Vegetarian diet and converting to vegetarian diet may protect against diabetes independent of BMI among Taiwanese.

Introduction

The rapid growth of diabetes creates tremendous health and economic burdens worldwide¹. In Taiwan, diabetes patients incur 2.8 times more medical expense than matched non-diabetes individuals, and used up 29% of total healthcare expenditure², while high blood glucose accounts for the highest adult mortality among major metabolic, lifestyle, and environmental factors³. Preventive strategies are desperately needed, particularly in Asia, where the largest number of diabetes cases is expected¹, and diabetes tend to occur despite lower BMI⁴.

Diabetes is driven by impaired insulin action (insulin resistance) and insulin secretion (islet dysfunction and incretin failure), co-influenced by genetics and environment⁵. While diabetes in Caucasian is highly attributed to obesity and insulin resistance, emerging evidence suggests that β-cell dysfunction may be more predictive of diabetes in East Asians⁶. In fact, Japanese with normal glucose tolerance already showed an insulin secretion ability similar to Caucasian diabetes patients⁷. The potential pathophysiological difference warrants research on population-specific preventive strategies.

Vegetarian diets⁸ and plant-based dietary patterns⁹ have been shown to dramatically reduce diabetes risks in American populations, but their effect in Asians is less clear.

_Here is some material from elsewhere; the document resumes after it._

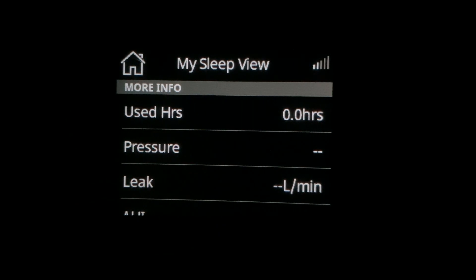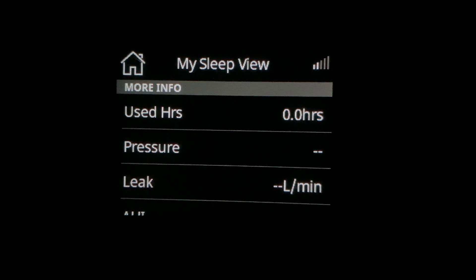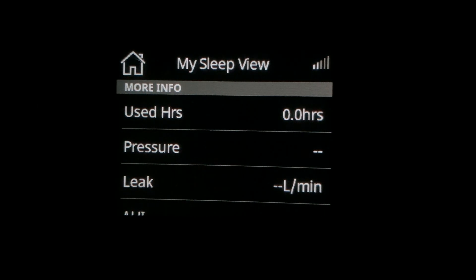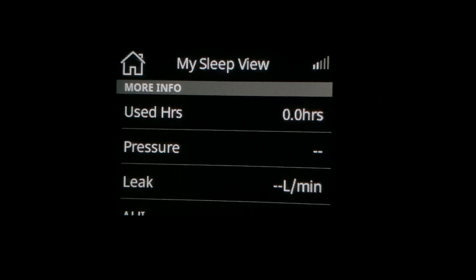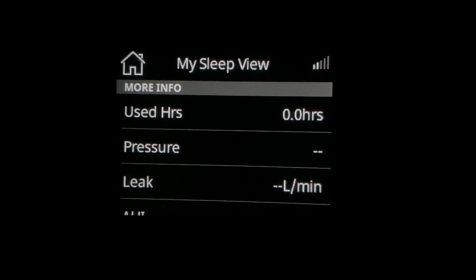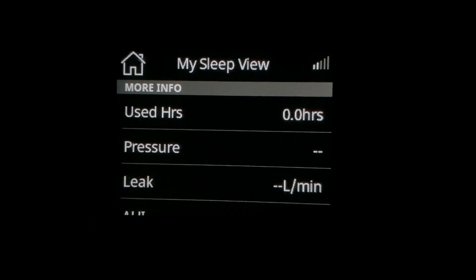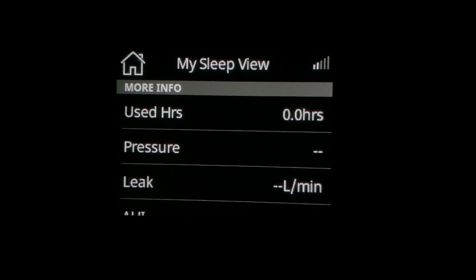On leak, what you would do is look at the number. The goal is to try to get the number below 24 for most people. It may be difficult to get below 24 if you have higher pressure, or if you're a mouth breather and you are not able to get your mouth closed through strategies such as using a chin strap and higher humidity.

Unlike in Westerns, the effect of meat and fish on diabetes is inconsistent in Asians^10–13, and may be modified by BMI^{12, 14}. Whether complete avoidance of meat and fish is necessary to boost protection for diabetes remains puzzling, as Asians tend to be leaner and consume less meat than Westerners. Our primary aim is to examine the association between a vegetarian diet, converting from a nonvegetarian to a vegetarian dietary pattern, and diabetes risk in a prospective cohort study. Our secondary aim is to explore potential interaction between dietary patterns and baseline metabolic status (BMI, metabolic syndrome, and other metabolic characteristics).

Methods

Study design and population

The Tzu Chi Health Study (TCHS) is a prospective cohort study that recruited 4625 Tzu Chi volunteers (age 18 to 87 years) from 2007 to 2009 at the Buddhist Dalin Tzu Chi Hospital. Tzu Chi volunteers are devoted Buddhists who volunteer regularly for the Buddhist Tzu Chi Foundation for a variety of charity works and disaster relief. Many nonvegetarian volunteers converted to vegetarian in the year 2011 due to a religious event. Because the nonvegetarians consumed only small amount of meat (median intake per day, women: 10 g, men: 22 g) and fish (median intake per day, women: 6 g, men: 15 g)¹⁵, this cohort is equipped with a unique opportunity to distinguish disease risk between true vegetarians and those with little to modest meat consumption.

Participants were followed from 2010 to 2012 (first follow-up), and from 2013 to mid-2016 (second follow-up). Every three years, a post-card was sent to invite each participant for a follow-up health examination during which participants also fill out a questionnaire on disease diagnosis. Participants who did not return for health examination by the end of 2015 were sent a follow-up questionnaire in May 2016 to assess their dietary practices and disease conditions (for each disease, choices includes: ‘no’, ‘yes’, ‘not sure’, and the time of diagnosis). If the questionnaire was not returned within a month, a research assistant called the participants to interview this questionnaire. The study was approved by the Institutional Review Board for ethics in the Buddhist Dalin Tzu Chi Hospital. All participants gave written informed consents. The study has been registered at ClinicalTrials.gov (ID: NCT: 03204552).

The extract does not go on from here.